| HN Mirror

Y	Hacker News new \| ask \| show \| jobs


	by diwank 822 days ago
	It’d be really cool to see a transformer with the MLP layers swapped for KANs and then compare its scaling properties with vanilla transformers

3 comments

bart1ett 822 days ago

After trying this out with the fourier implementation above, swapping MLP/Attention Linear layers for KANs (all, or even a few layers) produces diverging loss. KANs don't require normalization for good forward pass dynamics, but may be trickier to train in a deep net.

link

thesz 818 days ago

Note that KANs use LBFGS, which is second-order optimization method. My experience with the use of second-order features suggests that simple gradient descent often leads to divergence.

link

gautam5669 822 days ago

This is the first thought came to my mind too.

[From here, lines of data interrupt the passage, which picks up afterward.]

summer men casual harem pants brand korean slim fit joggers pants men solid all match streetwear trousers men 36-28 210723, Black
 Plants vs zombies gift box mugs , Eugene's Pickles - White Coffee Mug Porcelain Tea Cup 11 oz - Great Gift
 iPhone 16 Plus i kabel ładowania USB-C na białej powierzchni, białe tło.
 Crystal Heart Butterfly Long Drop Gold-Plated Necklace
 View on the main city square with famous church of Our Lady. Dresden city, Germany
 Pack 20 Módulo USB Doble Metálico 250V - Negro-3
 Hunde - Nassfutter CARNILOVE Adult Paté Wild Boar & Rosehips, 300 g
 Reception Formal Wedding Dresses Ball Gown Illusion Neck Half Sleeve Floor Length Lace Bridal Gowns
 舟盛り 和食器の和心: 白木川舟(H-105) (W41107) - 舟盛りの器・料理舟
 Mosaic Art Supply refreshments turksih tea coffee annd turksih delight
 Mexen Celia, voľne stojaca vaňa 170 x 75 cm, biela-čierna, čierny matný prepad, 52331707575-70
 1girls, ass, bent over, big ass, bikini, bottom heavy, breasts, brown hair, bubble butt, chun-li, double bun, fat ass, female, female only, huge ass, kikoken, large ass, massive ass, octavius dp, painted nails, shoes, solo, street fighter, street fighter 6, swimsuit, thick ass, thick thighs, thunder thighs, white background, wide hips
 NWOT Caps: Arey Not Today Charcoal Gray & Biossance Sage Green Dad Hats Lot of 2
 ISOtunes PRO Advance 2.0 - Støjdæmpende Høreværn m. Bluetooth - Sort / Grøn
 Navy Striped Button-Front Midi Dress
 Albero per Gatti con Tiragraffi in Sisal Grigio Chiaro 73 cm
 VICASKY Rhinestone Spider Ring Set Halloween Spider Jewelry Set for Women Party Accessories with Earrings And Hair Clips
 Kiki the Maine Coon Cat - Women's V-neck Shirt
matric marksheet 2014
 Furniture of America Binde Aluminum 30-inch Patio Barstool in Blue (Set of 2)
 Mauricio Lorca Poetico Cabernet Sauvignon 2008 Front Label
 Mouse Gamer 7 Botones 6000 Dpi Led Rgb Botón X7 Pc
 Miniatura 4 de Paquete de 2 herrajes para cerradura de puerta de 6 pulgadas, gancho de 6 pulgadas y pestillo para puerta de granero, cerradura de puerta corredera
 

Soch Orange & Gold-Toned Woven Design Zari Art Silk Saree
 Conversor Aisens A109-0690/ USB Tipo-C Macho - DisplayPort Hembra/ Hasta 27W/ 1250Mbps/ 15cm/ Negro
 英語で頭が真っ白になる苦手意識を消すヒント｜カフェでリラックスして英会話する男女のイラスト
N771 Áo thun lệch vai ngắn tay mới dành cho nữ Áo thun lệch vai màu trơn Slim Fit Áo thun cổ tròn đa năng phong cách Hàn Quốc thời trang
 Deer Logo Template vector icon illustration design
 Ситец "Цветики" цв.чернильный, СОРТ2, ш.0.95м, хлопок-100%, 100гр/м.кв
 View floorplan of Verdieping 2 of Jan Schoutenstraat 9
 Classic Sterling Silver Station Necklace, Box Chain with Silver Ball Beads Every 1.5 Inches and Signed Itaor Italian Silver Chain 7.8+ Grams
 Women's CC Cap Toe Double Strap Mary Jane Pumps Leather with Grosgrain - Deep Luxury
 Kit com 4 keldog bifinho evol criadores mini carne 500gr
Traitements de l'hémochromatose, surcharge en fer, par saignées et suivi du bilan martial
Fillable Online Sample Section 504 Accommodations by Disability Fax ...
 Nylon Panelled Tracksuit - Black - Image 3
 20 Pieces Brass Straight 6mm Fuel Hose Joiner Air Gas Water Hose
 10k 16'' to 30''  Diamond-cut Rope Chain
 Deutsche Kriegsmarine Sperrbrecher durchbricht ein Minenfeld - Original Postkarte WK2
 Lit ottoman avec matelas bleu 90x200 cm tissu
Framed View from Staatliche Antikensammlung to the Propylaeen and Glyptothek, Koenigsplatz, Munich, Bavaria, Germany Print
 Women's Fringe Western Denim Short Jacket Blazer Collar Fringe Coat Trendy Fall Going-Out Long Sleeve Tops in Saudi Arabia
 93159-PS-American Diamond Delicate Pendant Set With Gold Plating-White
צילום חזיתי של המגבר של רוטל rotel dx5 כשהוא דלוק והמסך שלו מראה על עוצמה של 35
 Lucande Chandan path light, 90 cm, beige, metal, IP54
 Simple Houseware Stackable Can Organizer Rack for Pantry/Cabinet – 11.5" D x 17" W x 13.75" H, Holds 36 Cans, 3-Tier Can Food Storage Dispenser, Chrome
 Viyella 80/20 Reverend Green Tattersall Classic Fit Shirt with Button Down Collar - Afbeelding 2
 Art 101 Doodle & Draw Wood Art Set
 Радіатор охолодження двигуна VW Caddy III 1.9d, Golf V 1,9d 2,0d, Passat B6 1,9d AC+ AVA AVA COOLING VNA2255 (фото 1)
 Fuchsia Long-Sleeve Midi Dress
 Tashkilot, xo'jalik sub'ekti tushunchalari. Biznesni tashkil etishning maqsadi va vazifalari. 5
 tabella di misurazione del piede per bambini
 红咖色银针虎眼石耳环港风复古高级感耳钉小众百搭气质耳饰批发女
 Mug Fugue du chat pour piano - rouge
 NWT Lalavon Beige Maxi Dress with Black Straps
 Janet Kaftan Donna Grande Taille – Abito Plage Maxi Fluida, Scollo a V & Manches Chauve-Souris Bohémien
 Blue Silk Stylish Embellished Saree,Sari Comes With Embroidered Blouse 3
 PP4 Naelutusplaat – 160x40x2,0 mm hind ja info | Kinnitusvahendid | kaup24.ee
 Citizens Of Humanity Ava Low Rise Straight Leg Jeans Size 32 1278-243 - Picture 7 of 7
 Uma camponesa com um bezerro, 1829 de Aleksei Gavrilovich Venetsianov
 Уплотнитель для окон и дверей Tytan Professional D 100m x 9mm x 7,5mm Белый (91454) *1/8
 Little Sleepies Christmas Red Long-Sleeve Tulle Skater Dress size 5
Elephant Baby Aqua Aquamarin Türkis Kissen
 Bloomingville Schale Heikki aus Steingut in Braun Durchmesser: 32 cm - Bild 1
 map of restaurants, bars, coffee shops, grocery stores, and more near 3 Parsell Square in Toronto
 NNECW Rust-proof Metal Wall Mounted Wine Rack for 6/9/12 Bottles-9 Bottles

Given its sparse, Will this be just replacement for MoE.

link

samus 821 days ago

MoE is mostly used to enable load balancing since it makes it possible to put experts on different GPUs. This isn't so easy to do with a monolithic, but sparse layer.

link

mp187 822 days ago

Why was this your first thought? Is a limiting factor to transformers the MLP layer? I thought the bottleneck was in the renormalization part.

link

brrrrrm 822 days ago

At small input size, yes the MLP dominates compute. At large input attention matters more

link